An amazing fact: Jealousy is probably the most prevalent feeling amongst my relationships.
Now, everyone will read that and say, "Dude, that's not cool. You can't be jealous. You have to be indifferent, stoic in your feelings." What do I have to say to that? Nothing. I agree with almost everything they say. No healthy relationship can have the distrust that jealousy brings about. Maybe this alone could explain my current several year stint of bachelorhood? Now to attempt to best explain why these ideas and feelings exist within me.
Have you ever had that sinking suspicion that you're not the coolest and most fun person around? My jealousy derives itself from these questions. How else can you explain possibly being jealous of her gay guy-friends? It's because you feel as if that she enjoys her time with them more than with you. From there the jealousy just festers and grows till the point that you snap and visibly become jealous thus throwing the girl into conniptions.
After reading the last paragraph, you may try giving your pseudo-psychological analysis on my possible low self-esteem. I agree that I'm not the most cocky, arrogant prick around. I find the whole 'belief in oneself' theory as a narcissistic and pretentious attitude to take towards life. Personally, if I could, I'd probably punch every person with this egotistical arrogance in the face. What makes them such a God-send? If they can top my list of achievements in life then be my guest at bragging and acting better than me cause you are, but until then shut up (it's this attitude that leads me to believe that it's not my feelings of low esteem).
Maybe I should assume this demeanor of ego? I keep my mouth shut about so many things purely based on the moral of humility. I know what I've done and I'm proud of it. No sense running around gallivanting about them. But when flunking business majors with zero athletic ability and with even less motivation in their career are able to seduce women with purely their arrogance in NOTHING, then I'm staring down quite the predicament. While girls say what they want is this and this, they completely act differently. Girls in and of themselves are the most mysterious paradigm.
Wow, so the rant has flipped. I've started with myself and now have been able to 180 it back to girls. Anyways, I know this is probably the most nonlinear line of thinking. This comes from the fact that this is a rant and I'm just writing things as they come to me. Allow me to finish by telling the story of what brought about this rant:
On Friday night I took a girl out to see a movie. We have gone on several 'unofficial' dates and there was an obvious attraction to each other along with the given public displays of said affection. After the movie ended, I received a phone call from fellow workmates who were out and about the town. They wanted to meet the girl that was able to get me to shut up and go on a date (I'm quite the cynic on relationships). I ask my date and she seems more than willing to hang with my friends.

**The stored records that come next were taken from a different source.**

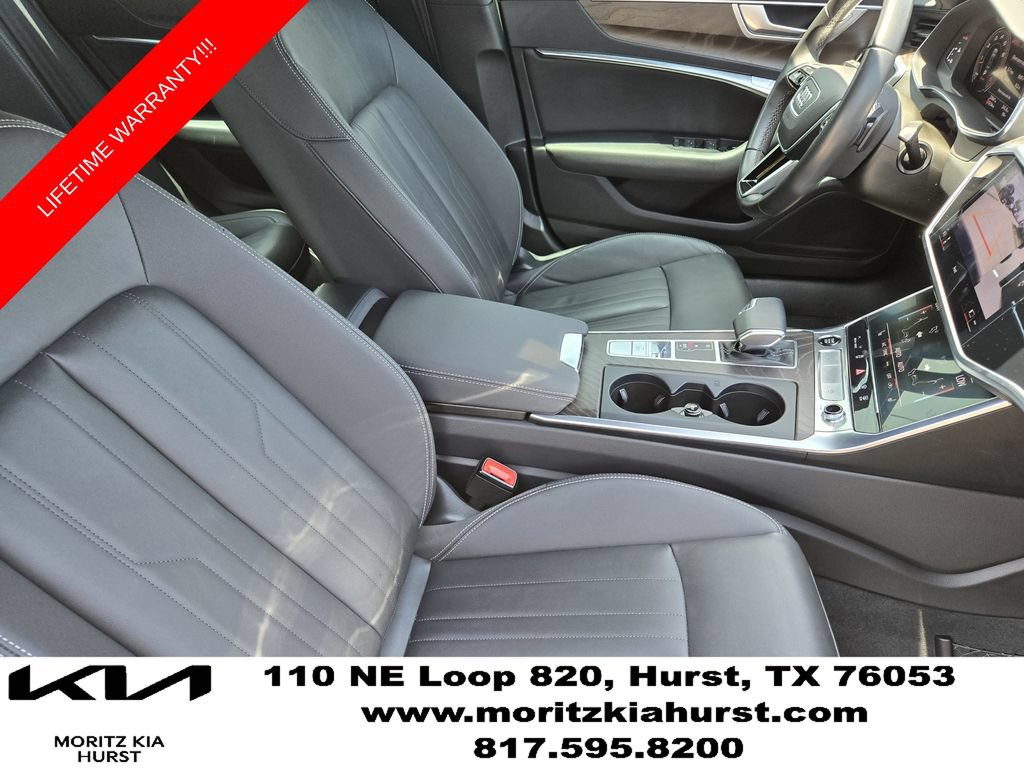 Used 2022 Audi A7 3.0T Premium AWD/4WD image 19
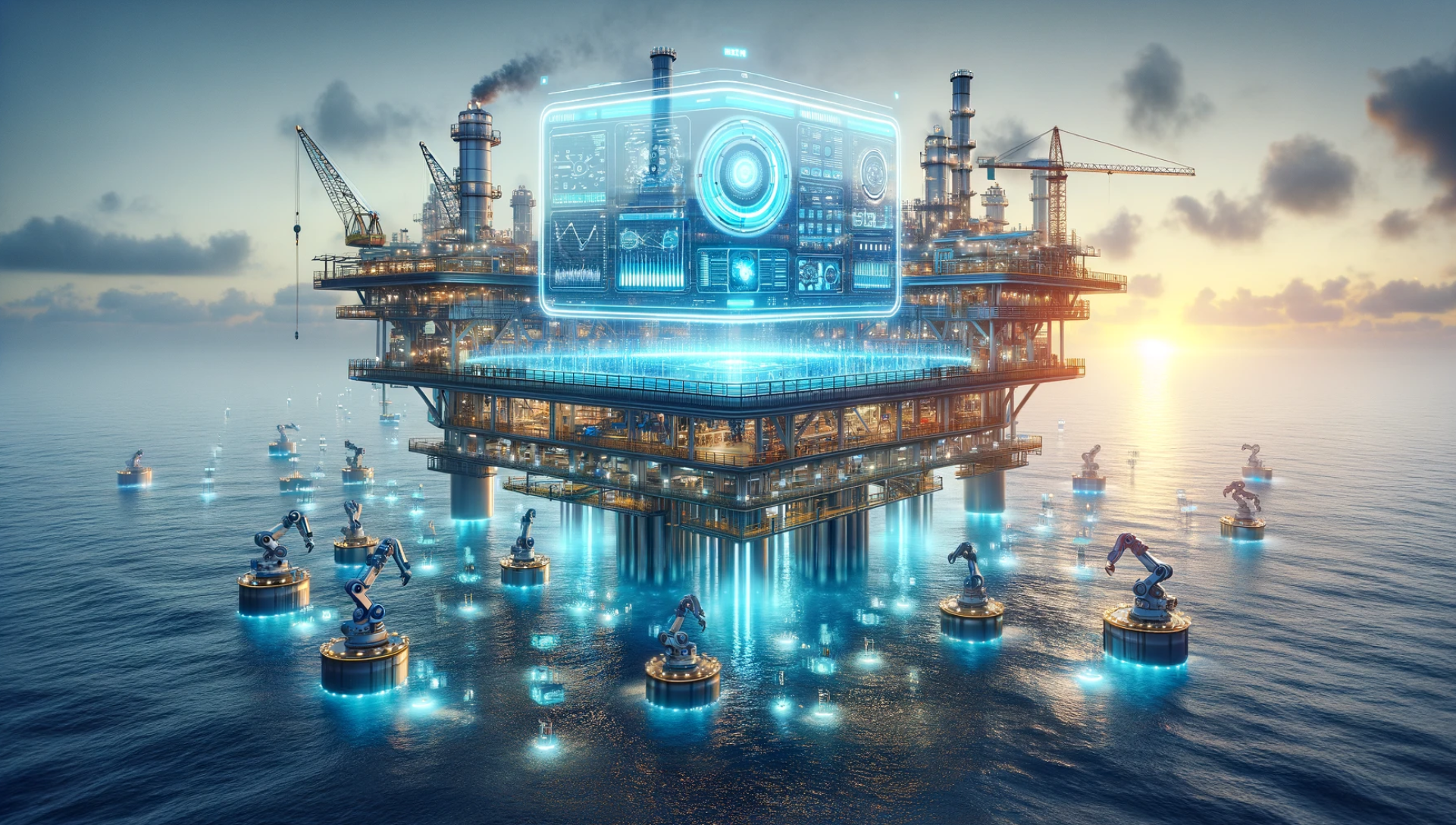 Künstliche Intelligenz im Öl- und Gasmarkt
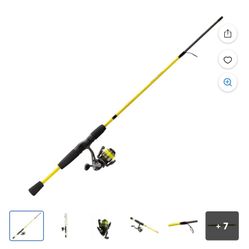 Fishing Combo 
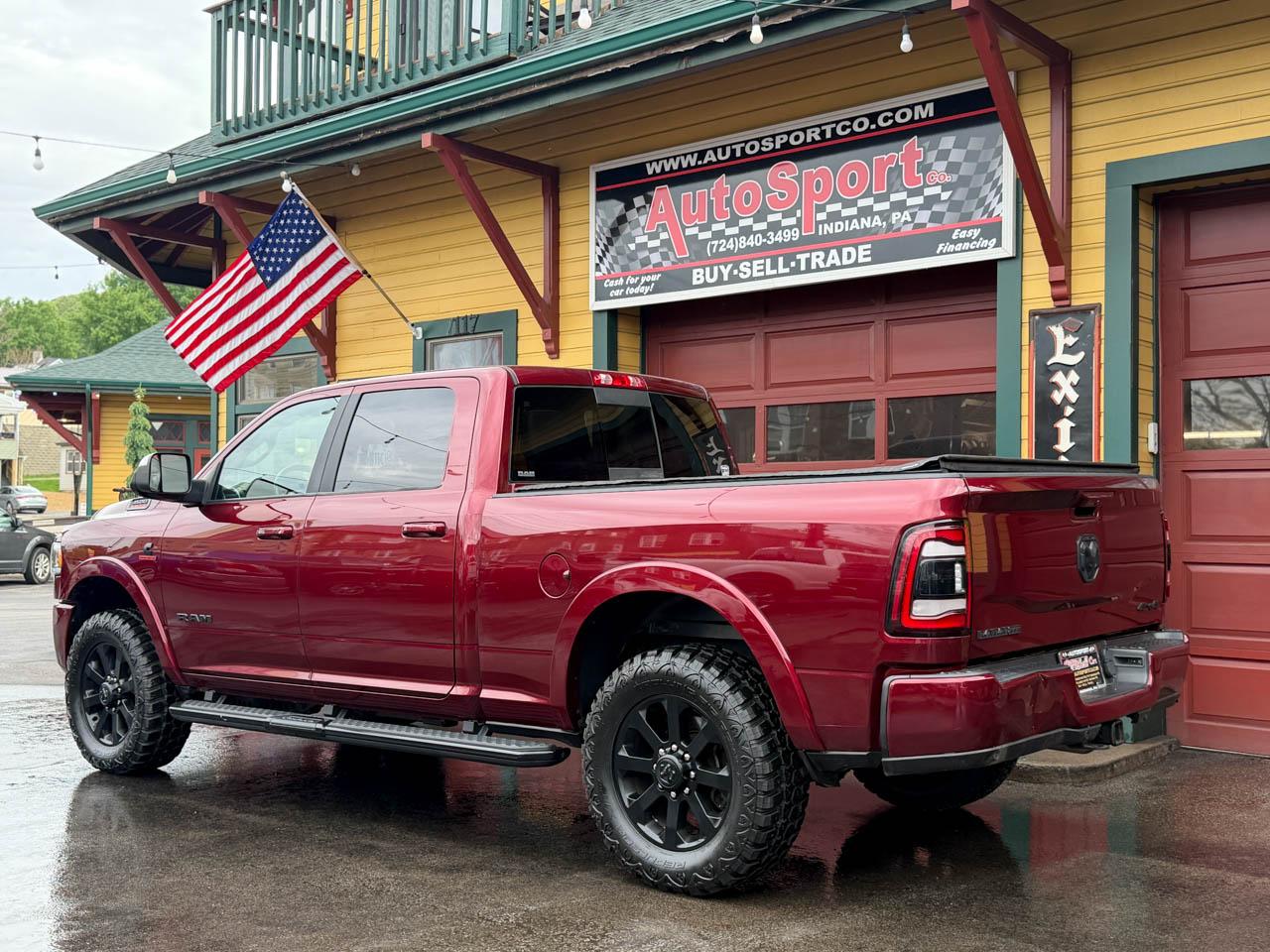 RAM 3500  2020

The night is going awesome. All my friends are loving my date and she is getting along great with everyone. Then comes the whole friend of a friend situation. Let's call him Foaf. Anyways, I notice that this fellow is attempting to bust-a-move with my date while on the dance floor. I remain cool. It's the dance floor, you're supposed to dance with other people. My friend comes up and mentions something about Foaf and how I need to go 'stake my claim' on my date. This seems preposterous to me because I thought it was kind of already assumed that, since there was visible PDA. Apparently, I was delaing with another cocky SoB.
I go to the dance floor several times whenever the mood stuck but never out of a jealous-driven reason. I went cause I found myself dancing to the song being played. Fast forward the hour or two to when we're walking back to my friends place. Foaf decides this is the perfect opportunity to upstage me with my date. I let them be. I just keep repeating to myself, "I will not be jealous. I have nothing to be jealous about."
We spend 30 minutes at my friends before I drive everyone home. This Foaf guy is relentless. His flirting ranges from the apparent following her around to spilling water on her pants. I've had about enough of the fellow but what do I say or do? "I won't be jealous." He follows us out and at some point must of swapped numbers with my date. "I won't be jealous." Then he immediately starts texting her as I'm driving her home. "I have nothing to be jealous about." She doesn't respond but here's what happened due from that night:
My date is an extremely friendly, flirtateous type that is best defined as having a free spirit. I don't know her extremely well. Was this just an innocent act or do I actually have something to be jealous about? I decide to try an experiment. I text her the next day while she is with friends, just to see how her day has gone. She doesn't text back. All of the sudden, I become the person being ignored. Did I so quickly assume that role the other guys assume when she's with someone? Do I have something to be jealous about? Do I have the reason to not trust her? Cue distrust.